Exercise requirements = Once you have read the entries below, write them all out again exactly.

* * * *

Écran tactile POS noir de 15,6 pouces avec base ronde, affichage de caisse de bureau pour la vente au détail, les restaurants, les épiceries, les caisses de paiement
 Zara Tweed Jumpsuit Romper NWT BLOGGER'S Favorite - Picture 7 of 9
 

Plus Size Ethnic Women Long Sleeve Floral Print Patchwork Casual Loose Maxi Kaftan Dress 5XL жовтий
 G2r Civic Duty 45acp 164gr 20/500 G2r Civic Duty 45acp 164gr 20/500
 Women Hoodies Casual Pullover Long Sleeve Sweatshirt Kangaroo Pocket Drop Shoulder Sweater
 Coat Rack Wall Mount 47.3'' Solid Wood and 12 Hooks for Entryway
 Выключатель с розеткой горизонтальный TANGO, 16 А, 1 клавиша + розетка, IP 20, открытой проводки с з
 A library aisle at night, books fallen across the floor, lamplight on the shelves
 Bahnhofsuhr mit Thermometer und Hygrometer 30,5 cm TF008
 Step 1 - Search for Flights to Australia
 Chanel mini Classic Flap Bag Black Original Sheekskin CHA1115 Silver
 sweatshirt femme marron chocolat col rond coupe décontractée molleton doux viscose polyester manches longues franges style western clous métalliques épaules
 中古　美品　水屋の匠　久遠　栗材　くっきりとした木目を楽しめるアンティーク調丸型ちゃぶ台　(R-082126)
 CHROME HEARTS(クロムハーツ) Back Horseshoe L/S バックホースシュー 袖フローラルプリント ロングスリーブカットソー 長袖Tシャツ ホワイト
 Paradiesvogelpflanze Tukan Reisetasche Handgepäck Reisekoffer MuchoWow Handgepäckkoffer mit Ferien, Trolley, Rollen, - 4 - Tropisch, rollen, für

* * * *

Output for this exercise =
Écran tactile POS noir de 15,6 pouces avec base ronde, affichage de caisse de bureau pour la vente au détail, les restaurants, les épiceries, les caisses de paiement
 Zara Tweed Jumpsuit Romper NWT BLOGGER'S Favorite - Picture 7 of 9
 

Plus Size Ethnic Women Long Sleeve Floral Print Patchwork Casual Loose Maxi Kaftan Dress 5XL жовтий
 G2r Civic Duty 45acp 164gr 20/500 G2r Civic Duty 45acp 164gr 20/500
 Women Hoodies Casual Pullover Long Sleeve Sweatshirt Kangaroo Pocket Drop Shoulder Sweater
 Coat Rack Wall Mount 47.3'' Solid Wood and 12 Hooks for Entryway
 Выключатель с розеткой горизонтальный TANGO, 16 А, 1 клавиша + розетка, IP 20, открытой проводки с з
 A library aisle at night, books fallen across the floor, lamplight on the shelves
 Bahnhofsuhr mit Thermometer und Hygrometer 30,5 cm TF008
 Step 1 - Search for Flights to Australia
 Chanel mini Classic Flap Bag Black Original Sheekskin CHA1115 Silver
 sweatshirt femme marron chocolat col rond coupe décontractée molleton doux viscose polyester manches longues franges style western clous métalliques épaules
 中古　美品　水屋の匠　久遠　栗材　くっきりとした木目を楽しめるアンティーク調丸型ちゃぶ台　(R-082126)
 CHROME HEARTS(クロムハーツ) Back Horseshoe L/S バックホースシュー 袖フローラルプリント ロングスリーブカットソー 長袖Tシャツ ホワイト
 Paradiesvogelpflanze Tukan Reisetasche Handgepäck Reisekoffer MuchoWow Handgepäckkoffer mit Ferien, Trolley, Rollen, - 4 - Tropisch, rollen, für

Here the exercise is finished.